Mich treibt in den letzten Tagen und Wochen eine Frage besonders um: Wird sich – und wenn ja – wie wird sich unsere Gesellschaft durch dieses Virus verändern? Wird sie sich überhaupt verändern? Oder werden es nur wieder einige wenige sein, die aus dieser Krise anders, neu, hervorgehen? Was passiert mit unseren Werten? Werden es die gleichen sein, wie vor der Krise? Oder verändern wir uns und damit auch unsere Wertevorstellungen? Wir werden wir miteinander umgehen? Und überhaupt: Wie wird sich dieses Maskentragen seelisch auf uns auswirken? Wie ist das, wenn man keinem mehr richtig ins Gesicht schauen kann, weil es zum größten Teil mit dieser Schutzmaske bedeckt ist? Kein freundliches Lächeln ist mehr zu erkennen, keine richtige Deutung mehr möglich. Das schafft Unbehagen, bei mir jedenfalls – und ein gewisses Maß an Unsicherheit,  kann ich doch mein Gegenüber gar nicht mehr richtig einschätzen.

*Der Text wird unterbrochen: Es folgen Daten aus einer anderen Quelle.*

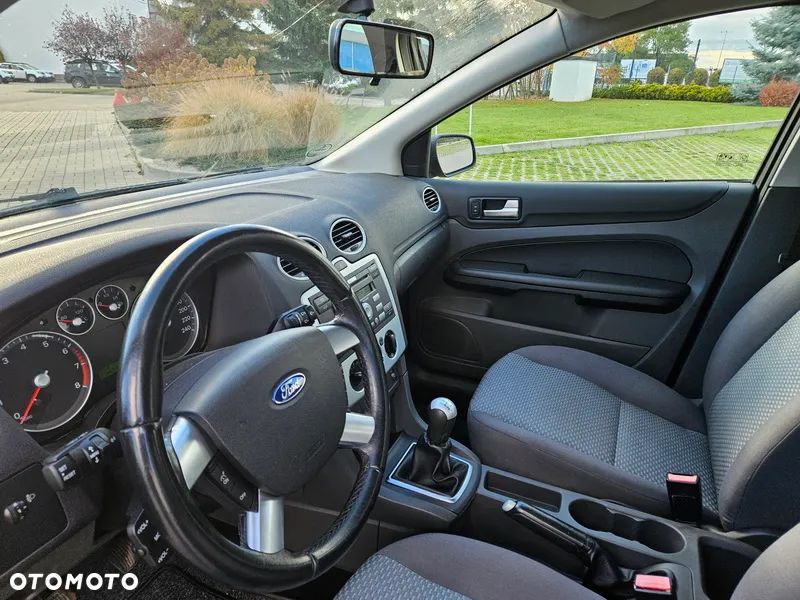 Ford Focus 1.4 16V Ambiente - 7
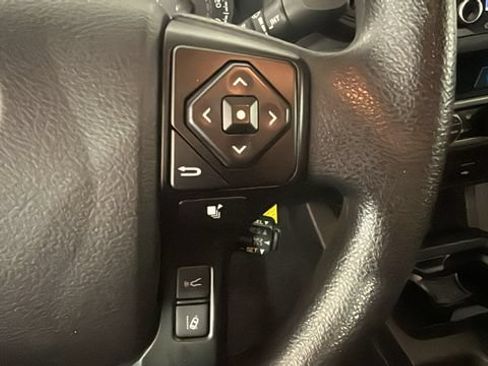 Used 2023 Toyota Tacoma SR AWD/4WD image 17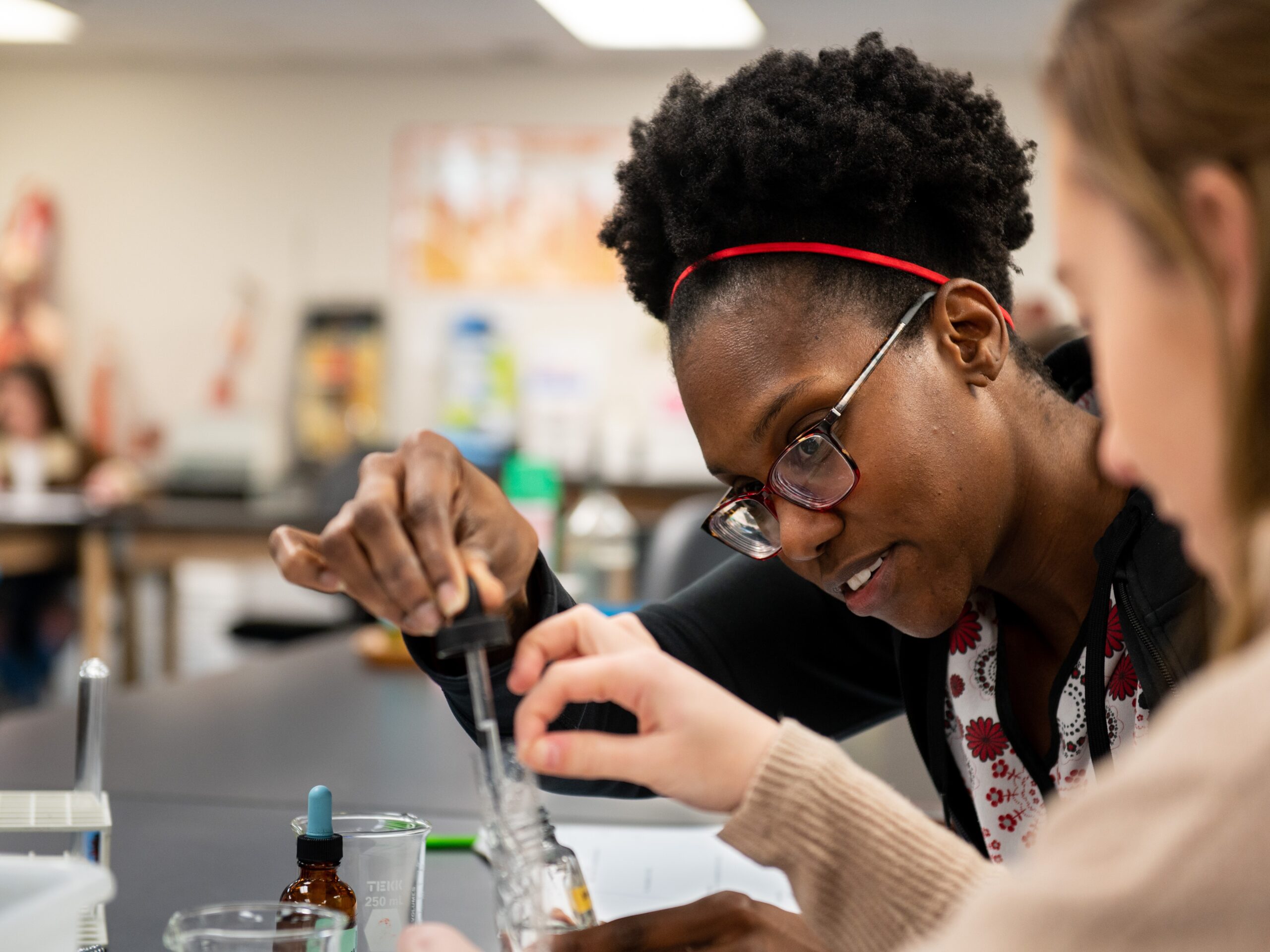 students use eyedroppers to complete an activity in a lab class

Und Unsicherheit schafft früher oder später zwangsläufig Angst. Und das kann nicht gut sein! Wenn das Maskentragen zur Pflicht wird, ist das auf jeden Fall eine psychische Belastung, die nicht zu unterschätzen sein wird. Was das mit uns Menschen im Miteinander machen wird, mag ich mir nicht bis zum Letzten ausdenken. Aber ich bin mehr als besorgt, ob dieser Aussichten.

Noch soll es ja nur in Supermärkten und Bus und Bahn Pflicht sein – aber was ist schon in diesen Zeiten für das NOCH – noch sicher? Das NOCH von gestern, kann morgen bereits Makulatur sein. Wenn wir eins in den letzten Wochen gelernt haben, dann das: Es gibt solange ein NOCH bis es ersetzt wird. Und zwar schneller, als wir uns hätten jemals vorstellen können. Die NOCHS werden in diesen Zeiten immer weniger, die Ungewissheiten werden immer mehr. Bei diesem Sturm die Orientierung, sprich seinen inneren Kompass – wenn man ihn denn jemals besessen hat – nicht zu verlieren ist mehr als eine Herausforderung. Es ist die Aufgabe unseres Lebens. Und keiner weiß, wie es ausgehen wird.